I need home help handling the new “PerformanceWarning: Falling back on a non-pyarrow code path which may decrease performance” reported by dask when running operations over some no pyarrow dtypes.
As far as I´ve read, pyarrow dtypes have better performance and lower memory consumptions! (that’s great!), but I am struggling to understand how do I convert my parquet/pandas dataframe to arrow types before running my operations!
sample dataframe
import dask.dataframe as dd
import pandas as pd
import numpy as np
dataframe = pd.DataFrame({
'status' : ['pending', 'pending','pending', 'canceled','canceled','canceled', 'confirmed', 'confirmed','confirmed'],
'clientId' : ['A', 'B', 'C', 'A', 'D', 'C', 'A', 'B','C'],
'partner' : ['A', np.nan,'C', 'A',np.nan,'C', 'A', np.nan,'C'],
'product' : ['afiliates', 'pre-paid', 'giftcard','afiliates', 'pre-paid', 'giftcard','afiliates', 'pre-paid', 'giftcard'],
'brand' : ['brand_1', 'brand_2', 'brand_3','brand_1', 'brand_2', 'brand_3','brand_1', 'brand_3', 'brand_3'],
'gmv' : [100,100,100,100,100,100,100,100,100]})
dataframe = dataframe.astype({'clientId':'string','partner':'string','status':'string','product':'string', 'brand':'string'})

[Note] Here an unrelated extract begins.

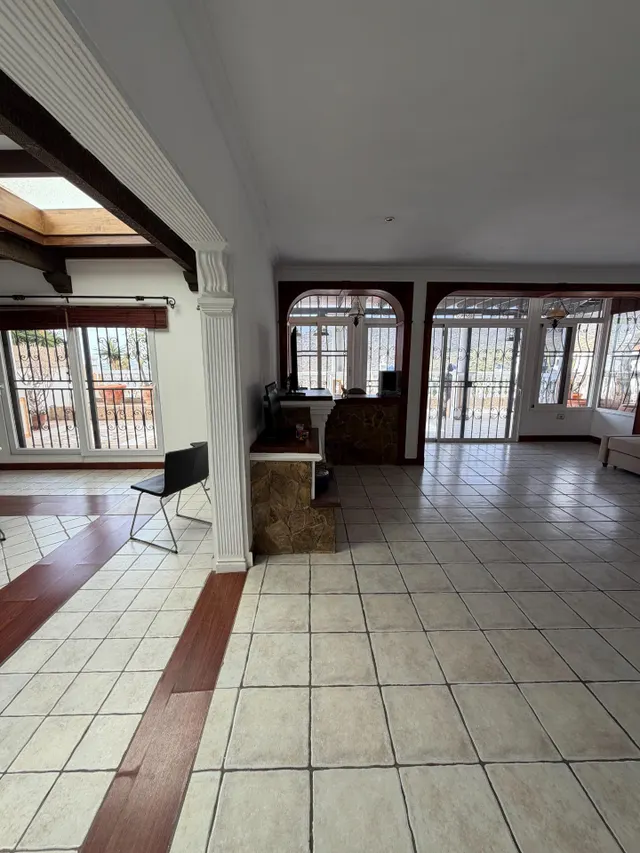 Villa con carácter, piscina privada y vistas al mar en Costa Adeje — 18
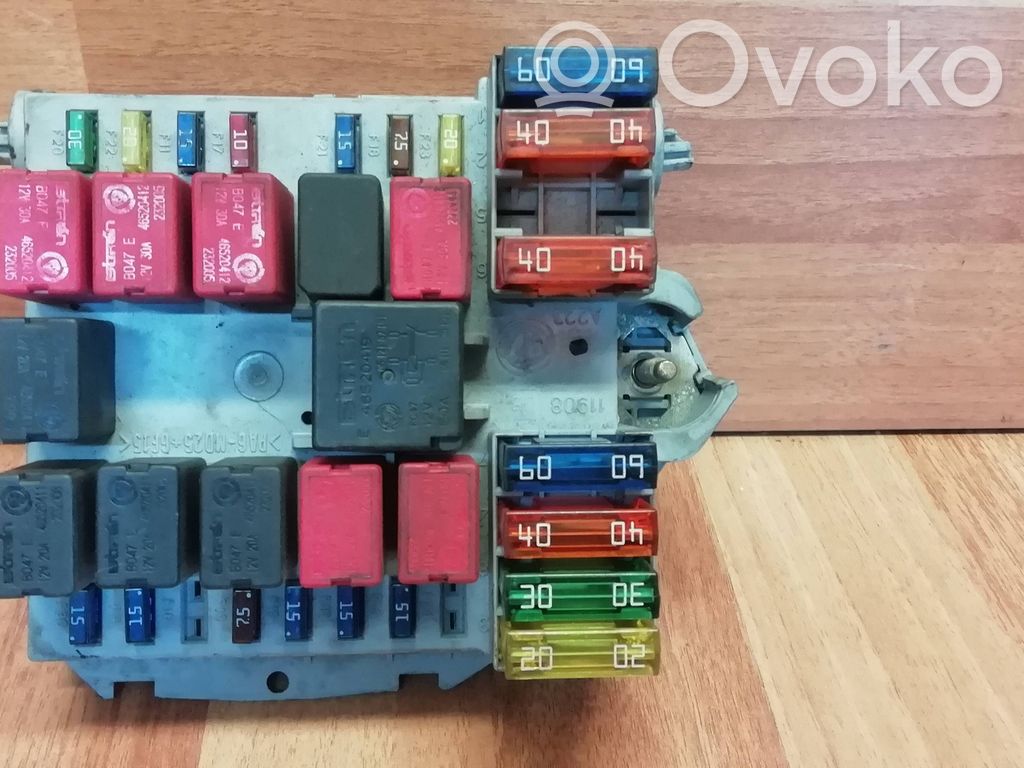 Alfa Romeo 166 Módulo de fusible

dataframe = dd.from_pandas(dataframe, npartitions = 1)
Now I run the str replace operation
dataframe['brand_test'] = dataframe['brand']
dataframe['brand_test'] = dataframe['brand_test'].str.replace('brand_1', 'PlayStation', case=False, regex = False)
and I get this warning for every single row in my DF.
c:UsersF3164582AppDataLocalProgramsPythonPython311Libsite-packagesdask_expr_accessor.py:102: PerformanceWarning: Falling back on a non-pyarrow code path which may decrease performance.
out = getattr(getattr(obj, accessor, obj), attr)(*args, **kwargs)
1) If I want, how do I silence this warning?
2) How do I “solve” this? Could I change the datatype to pyarrow string before the replace operation?
3) If pyarrow dtypes are so much better, how do I convert my hole dataframe to equivalent pyarrow datatype? Why does pandas/dask just does not convert it automatically?
Thanks in advance!